Broad selection ranges from Minchin to Bowie via The Lonely Island and Father John Misty

As the nine-strong Choir of Man prepare to bring their sublime cover version magic to the Fringe (with full bar in attendance), we ask them about their favourite songs and the ones they'd move heaven and earth to turn off...
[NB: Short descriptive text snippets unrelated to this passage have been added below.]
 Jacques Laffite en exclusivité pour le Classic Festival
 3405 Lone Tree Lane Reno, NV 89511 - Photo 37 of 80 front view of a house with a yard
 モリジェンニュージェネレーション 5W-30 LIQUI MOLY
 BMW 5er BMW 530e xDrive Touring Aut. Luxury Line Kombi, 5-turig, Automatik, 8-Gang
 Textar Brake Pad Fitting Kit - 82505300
Which song always makes you cry?
Aidan Banyard: 'White Wine in the Sun' by Tim Minchin. It makes me miss my family: sad times.
Tom Brandon: 'Heroes Or Ghosts' by the Coronas: a beautiful song.
Andy Carter: Peter Gabriel's 'The Book of Love': that last episode of Scrubs. Every time …
Freddie Huddleston: 'Till I Hear You Sing' from Love Never Dies.
Peter Lawrence: Brownstone: 'Half of You'.
Mark Loveday: I cry when I listen 'Lazarus' by David Bowie. That's if I can actually bring myself to listen to it. It's beautiful but brutal. It crushes me.
Ben Norris: Songs don't regularly make me properly cry actual physical tears, but a timely Joni Mitchell number might get me going, and 'Serenade to Music' by Ralph Vaughan Williams always tugs hard at the heartstrings. It's always contextual really. Placed at the right point in a poignant film, anything could do it!
Jami Quarrell: Usually one of my own sad songs while I'm singing them: I'm a responsive audience.
John Sheehy: 'Have a Little Faith in Me' by John Hiatt.
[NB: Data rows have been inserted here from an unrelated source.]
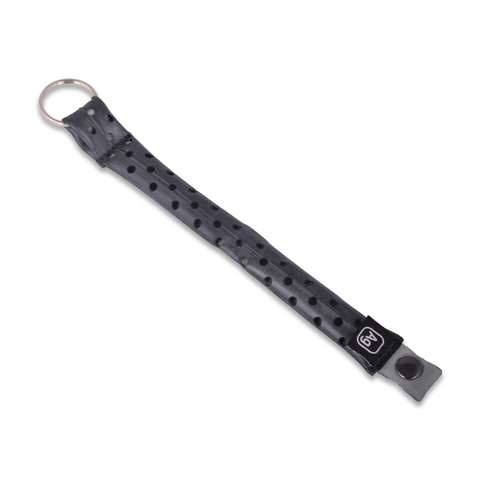 Reclaimed Tube Keychains
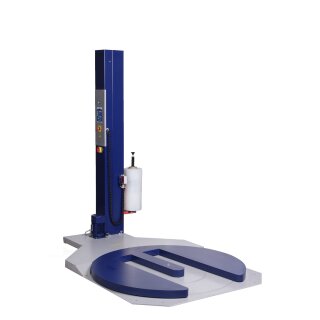 VS Open 1650 Basic Palettenwickler mit mechanischer/manueller Bremse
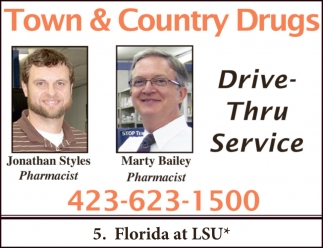 Town & Country Drugs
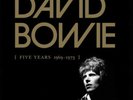 DAVID BOWIE Five Years 1969-1973 13 Vinyl LP box set w/book OOP sealed NEW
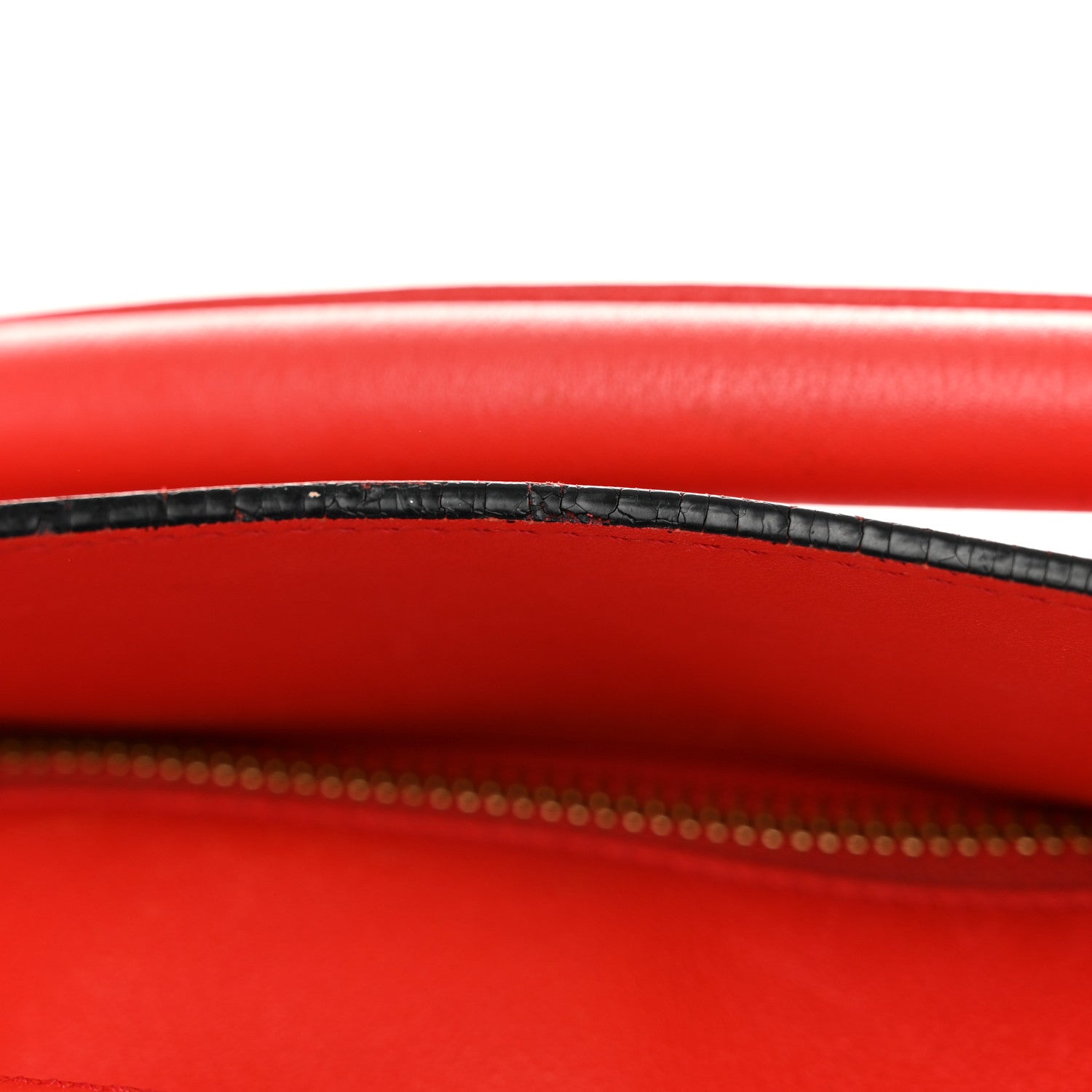 Loewe Calfskin Medium Puzzle Bag Scarlet 11 of 13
Choir of Man: the cover band nonuplet reveal their favourite songs

Which song always makes you laugh?
Aidan: 'The Good Book' also by Tim Minchin.
Tom: 'Mother-in-Law' by Cy Coleman. Check it out.
Andy: 'Escape (The Piña Colada Song)' by Rupert Holmes.
Freddie: 'September' by Earth, Wind & Fire.
Peter: Flight of the Conchords: 'I'm Not Crying'.
Mark: 'A Boy Named Sue' By Johnny Cash always makes me chuckle. I always imagine the story playing out in my mind.
Ben: Father John Misty's 'Pure Comedy' is as bleak as it is hilarious, but it is hilarious; the most damning indictment of the human project imaginable, yet you have to laugh. Otherwise you'd throw yourself off a cliff. You might still. There are some brilliantly funny musical theatre songs too: pretty much the entire score of Avenue Q immediately springs to mind. And 'My Old Man's a Dustman': why not?
Jami: The shredded version of 1D's 'Story of My Life' reduces me to a crying, giggling mess.
John: 'I'm on a Boat'. I spent a summer in Boston and got arrested for breaking a boat while drunk. As I spent the night in the drunk tank (cell), that song kept going through my head.
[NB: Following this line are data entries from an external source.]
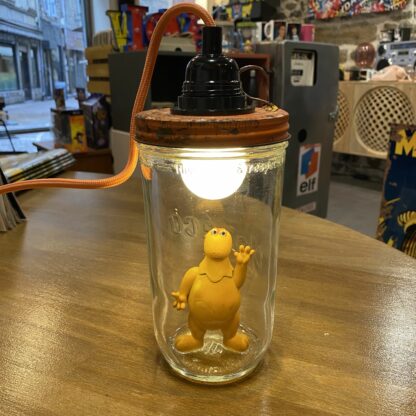 Lampe figurine Up Arty "sur mesure" – Image 3
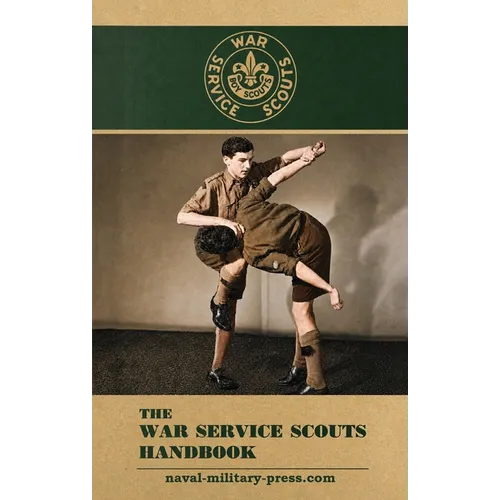 The War Service Scouts Handbook - Paperback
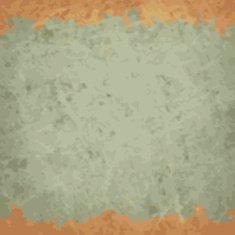 Vector vintage background crumpled scratch paper
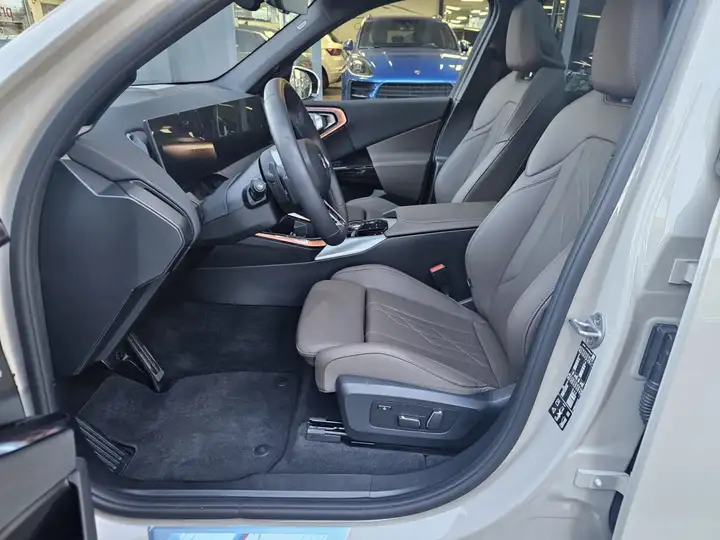 BMW X3 2026, foto 10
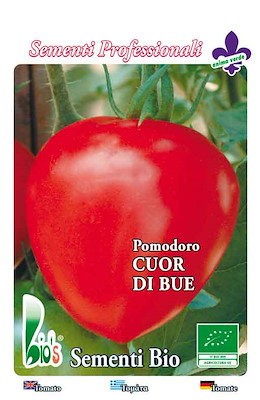 RAMPICANTE (DA CANNA) A CUORE PER MERCATO FRESCO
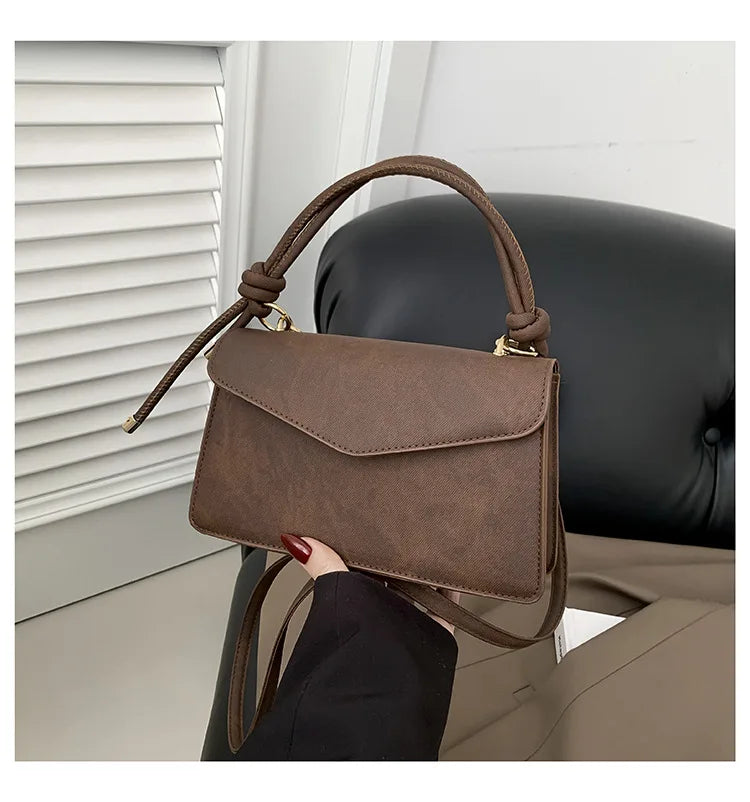 Ladies with High-end and Exquisite Bags New Women Summer Mini Handbag Versatile Trade Crossbody Small Square Bags Flaps MIMI TOP FASHION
Is there a song that you would race across the room to switch off if it was being played on the radio?
Aidan: 'Girls Like' by Tinie Tempah. His name alone is enough to make me want to throw myself off a bridge let alone the awful rhyme in this song and endless pointlessness of its being.
Tom: '(I've Had) The Time of My Life' from Dirty Dancing: just no.
Andy: 'Blurred Lines'.
Freddie: Anything by Crazy Frog.
Peter: Anything with Pitbull.
Mark: I really detest 'She's So Lovely' by Scouting for Girls. Forget about the room: I'd run a marathon to turn that off.
Ben: I don't know if a particular song would inspire such rage, but I'm not a massive fan of commercial radio in general, as much for the 'banter' (or lack thereof) as for the music. So if I turn on the kitchen DAB and one of my housemates has been listening to Capital FM (*calmly inhales and exhales*) then I'll scroll as fast as humanly possible to 6Music shouting LALALALALA HELPME HELPME HELPME like the massive hipster wanker I am.
Jami: The Rihanna 'work work' song.
John: 'Hollaback Girl' by Gwen Stefani. It's bananas.

Choir of Man – 'His name alone is enough to make me want to throw myself off a bridge'

Favourite line?
Aidan: I have no idea.
Tom: 'Stones taught me to fly / Love taught me to lie / And life taught me to die / So it's not hard to fall / When you float like a cannonball'.
Andy: 'It's the end of the world as we know it / And I feel fine'.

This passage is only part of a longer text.